In this post, we learn how to solve an inverse kinematics problem in MATLAB. In our previous post, which can be found here, we provided an introduction to the inverse kinematics problem. We explained how to analytically solve the inverse kinematics problem. However, in many cases it is either not possible to find the analytical solution or the analytical solution is too complex. In such cases, it is preferable to numerically approximate the solution. In this post and in the accompanying video we will explain how to compute the analytical solution. The YouTube video accompanying this post is given here

Consider a manipulator with two rotational degrees of freedom $\theta_{1}$ and $\theta_{2}$ shown in the figure below.

Figure 1: Robotic manipulator with two degrees of freedom.

The inverse kinematics problem can be formulated as follows:

Given the coordinates x and y of the end-effector point C (world coordinates), compute the angles $\theta_{1}$ and $\theta_{2}$ (local joint coordinates).

In the statement of the inverse kinematics problem, it is assumed that the lengths of the robotic segments $l_{1}$ and $l_{2}$ are given.

From Figure 1, we have

(1) $\begin{align*}x=l_{1}cos(\theta_{1})+l_{2}cos(\theta_{1}+\theta_{2}) \\y=l_{1}sin(\theta_{1})+l_{2}sin(\theta_{1}+\theta_{2})\end{align*}$

Now, for given $x$ and $y$ , and for given $l_{1}$ and $l_{2}$ , the equations (1) represent a system of nonlinear equations where unknown variables are $\theta_{1}$ and $\theta_{2}$ .

In the post given here, we explained how to solve a system of nonlinear equations in MATLAB. In this post, we follow the explained procedure.

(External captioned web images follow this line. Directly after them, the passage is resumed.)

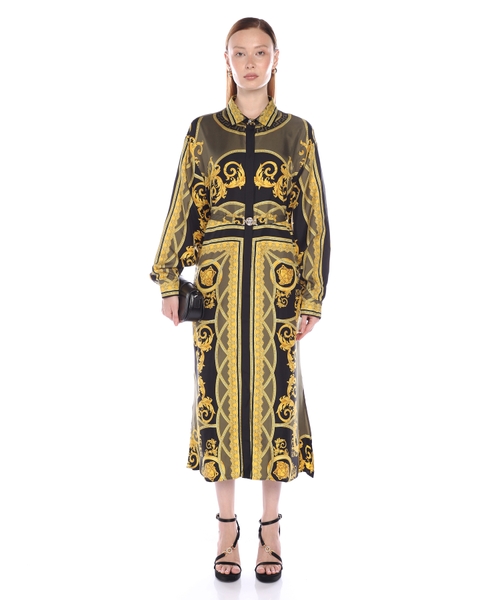 Платье миди с принтом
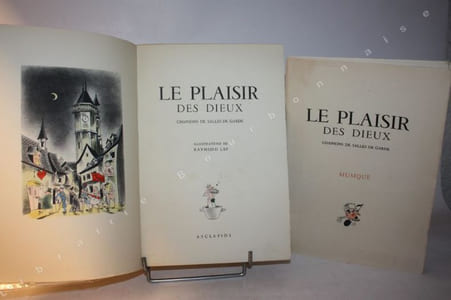 Le plaisir des Dieux. Chansons de Salles de Garde. Illustrations de Raymond Lep.
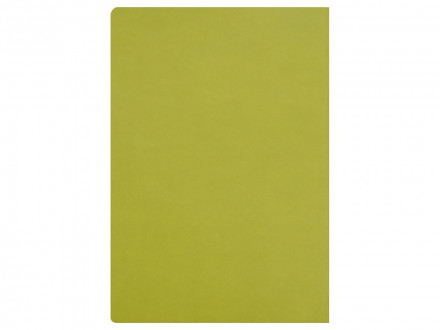 Блокнот Wispy линованный в мягкой обложке, зеленое-яблоко (Р)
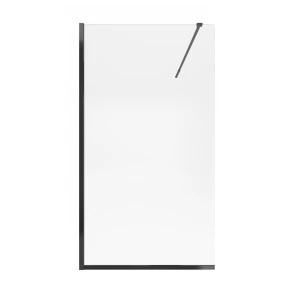 Душевая перегородка Qtap Walk-In Standard BLM201.C8 100х200 см, стекло Clear 8 мм, покрытие CalcLess №7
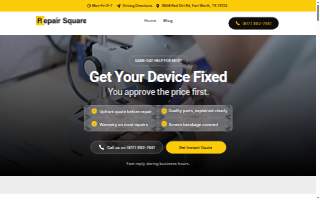 The Repair Square - Phone Tablet Computer and Game Console Repair of Harrison website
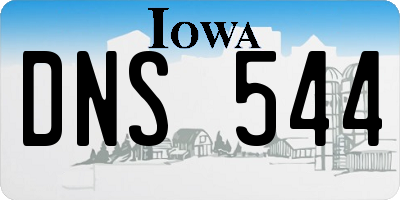 IA license plate DNS544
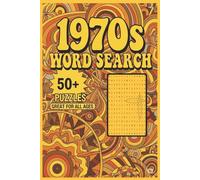 1970s Word Search Puzzles: Word Searches with Easy to Read Print all about the 1970s | Over 50 Puzzles ... Gift for Vacation, Relaxation and Spare time | 6x9 inches, 110 pages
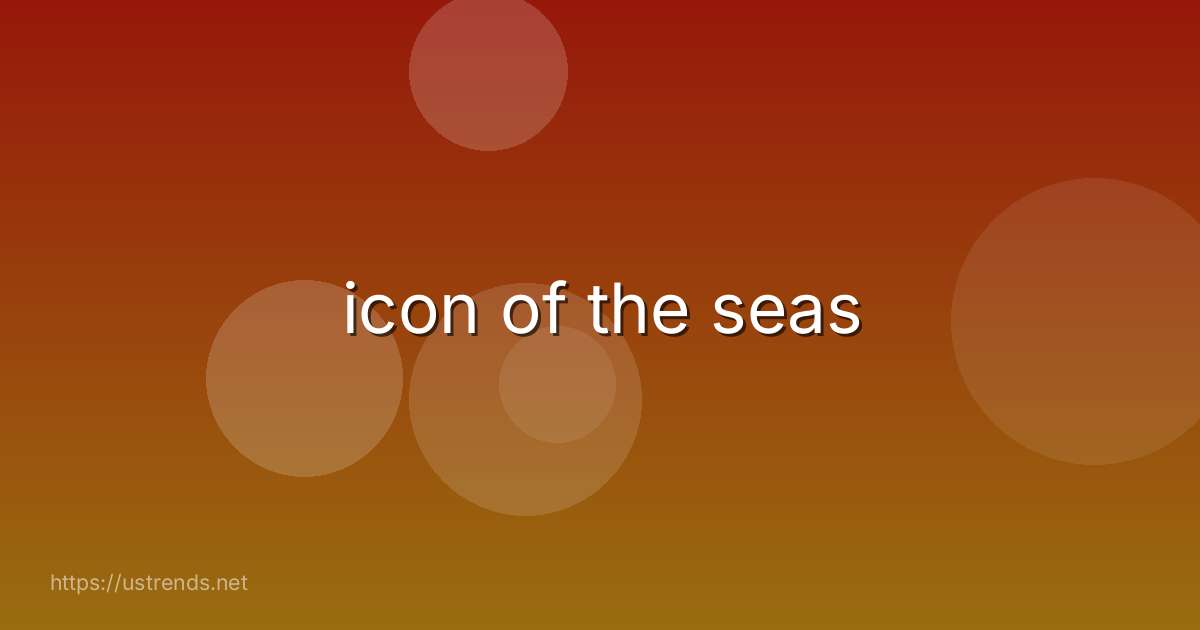 icon of the seas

First, we transform the system (1) as follows

(2) $\begin{align*}x-l_{1}cos(\theta_{1})-l_{2}cos(\theta_{1}+\theta_{2}) =0\\y-l_{1}sin(\theta_{1})-l_{2}sin(\theta_{1}+\theta_{2}) =0\end{align*}$

First, we define a MATLAB function that describes the system (2)

function F=kinematics(theta,x,y,l1,l2)
F=[x-l1*cos(theta(1))-l2*cos(theta(1)+theta(2));
   y-l1*sin(theta(1))-l2*sin(theta(1)+theta(2))];
end

We save this function in the file called “kinematics.m”, and add the folder in which this function is saved to the MATLAB path.

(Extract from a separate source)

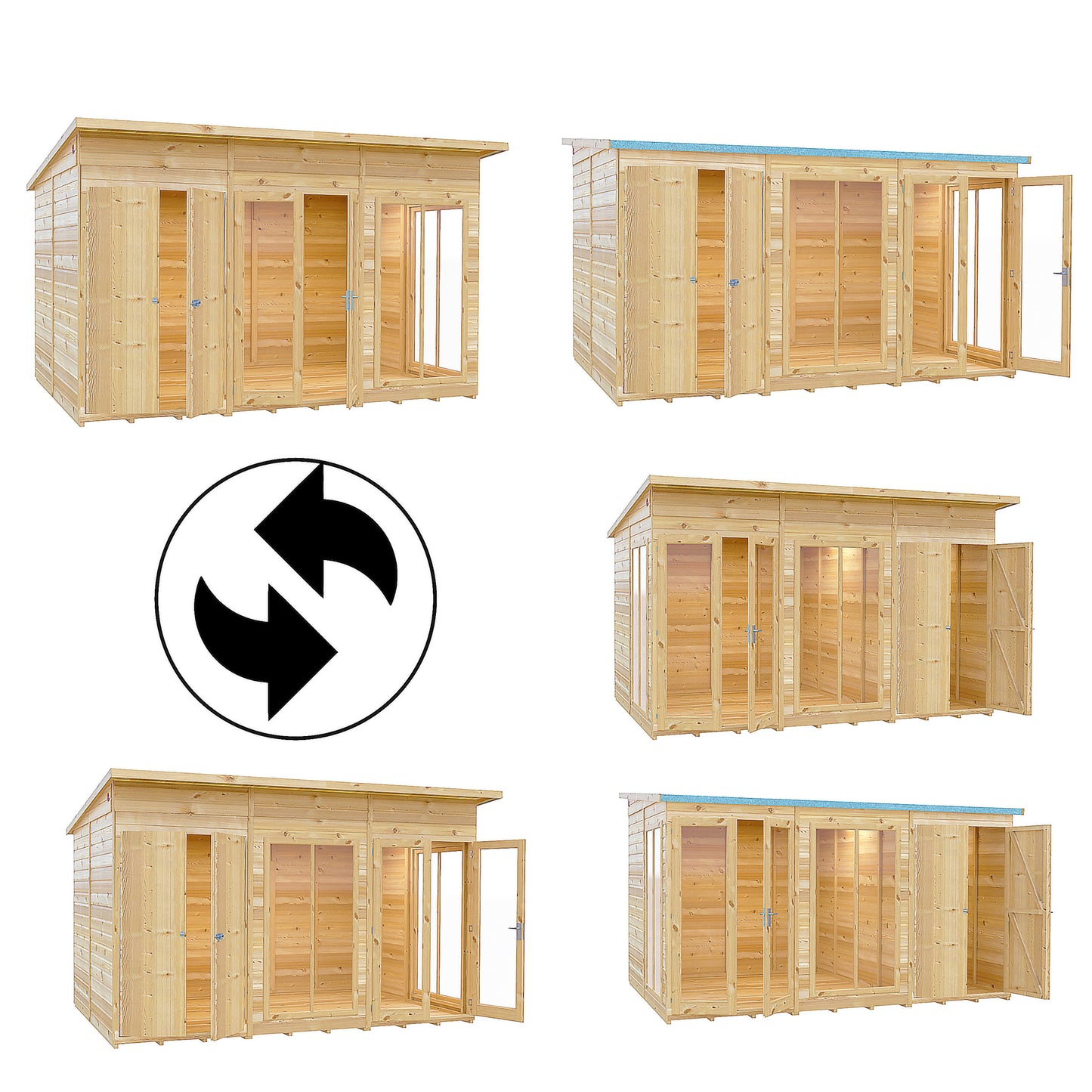 Lela Summerhouse 12x8 inc Storage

This MATLAB function is called from the following MATLAB code

clear, pack, clc
% Possible algorithms 'trust-region-dogleg', 'trust-region', or 'levenberg-marquardt'
options = optimoptions(@fsolve,'Algorithm','trust-region','Display','iter','UseParallel',false,'OptimalityTolerance',1.0000e-8,'FunctionTolerance',1.0000e-12)

%% test cases
%x=0.8; y=0; l1=0.3;l2=0.5; % horizonal position, theta1=0 [deg], theta2=0 [deg]
x=0.4; y=0.4; l1=0.4;l2=0.4; % horizonal position, theta1=0 [deg], theta2=90 [deg]

% initial guess in degrees
% initialGuessDegrees=[10; 10]  % for 0-0
initialGuessDegrees=[20; 60]

% initial guess in radians
initialGuessRadians=initialGuessDegrees*(pi/180)

 
[solutionThetaRadians] = fsolve(@(theta)kinematics(theta,x,y,l1,l2),initialGuessRadians,options)
 
kinematics(solutionThetaRadians,x,y,l1,l2)

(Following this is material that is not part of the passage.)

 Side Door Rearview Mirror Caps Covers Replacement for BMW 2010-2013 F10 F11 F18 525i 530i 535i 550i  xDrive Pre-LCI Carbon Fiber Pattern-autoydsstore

solutionThetaDegrees=solutionThetaRadians*(180/pi)

To solve the system of nonlinear equations, we need to specify $x,y,l_{1}$ and $l_{2}$ . This is done on code lines 6-7. We consider two test cases. In the first case, $\theta_{1}=0$ and $\theta_{2}=0$ . The second case is $\theta_{1}= 0$ and $\theta_{2}= 0$ . Then for these cases, we define initial guesses of $\theta_{1}$ and $\theta_{2}$ . To solve the system of nonlinear equations we need to specify the initial conditions. On code line 14, we transform initial guesses to radians. Code line 17 is used to solve the system of nonlinear equations. Code line 19 is used to verify the solution, by evaluating the right-hand side of (2). Code line 21 is used to transform the solution to degrees.